Option 1 is the easist, the clone can be made like:
List<String> clone = new ArrayList<String>(arr);
You seem to misunderstand how objects/references work in Java, which is pretty fundamental to using the language effectively. However, this code here should do what you want (apologies for the lack of explanation):
ArrayList<String> arr = new ArrayList<String>();
//... fill with some values (doesn't really matter)
for(int i = 0; i < arr.size(); i++)
{
arr.set(i, " some other value "); // change the contents of the array
}
for(String t : arr)
{
System.out.println(t);
}
I believe, this is not related to immutable or mutable.
t = " some other value "; //hoping this would change the actual array
t does not hold the reference to actual object. Java copies the value from arraylist and puts that value into t so array list value does not get affect.
HTH
This has been answered well.
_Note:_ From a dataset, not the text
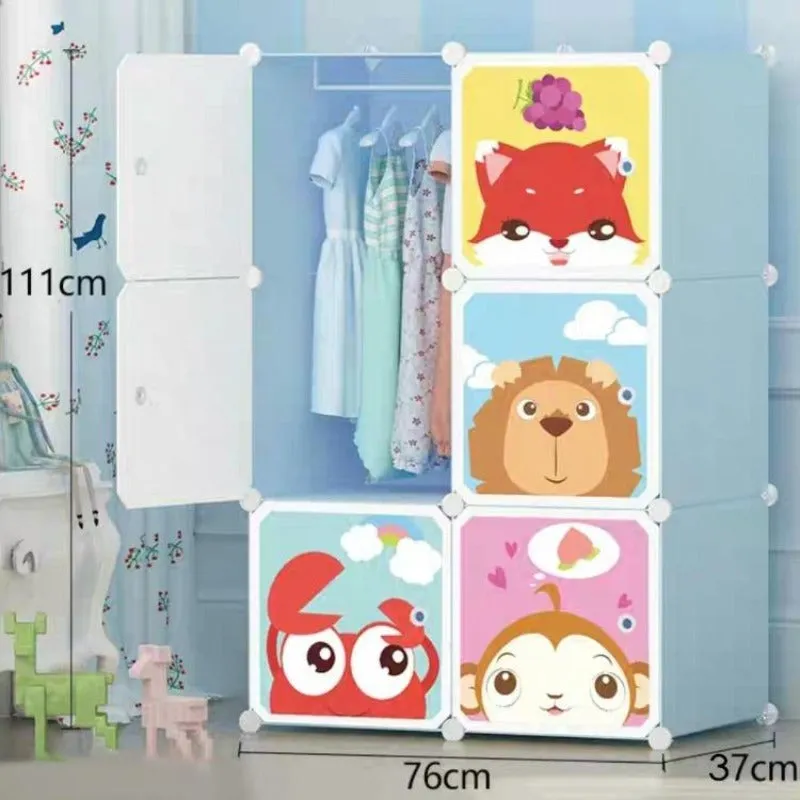 Kids Portable Wardrobe Closet Blue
Still here is my suggestion. The var t inside loop is only visible there. It will not be seen outside the loop. You could do t.set() if it was not String.
Use a StringBuffer rather than plain strings. This way the string within is mutable.
Strings are immutable. If you had a mutable type like StringBuilder/Buffer, you could change the string in your iteration. You do have references, remember.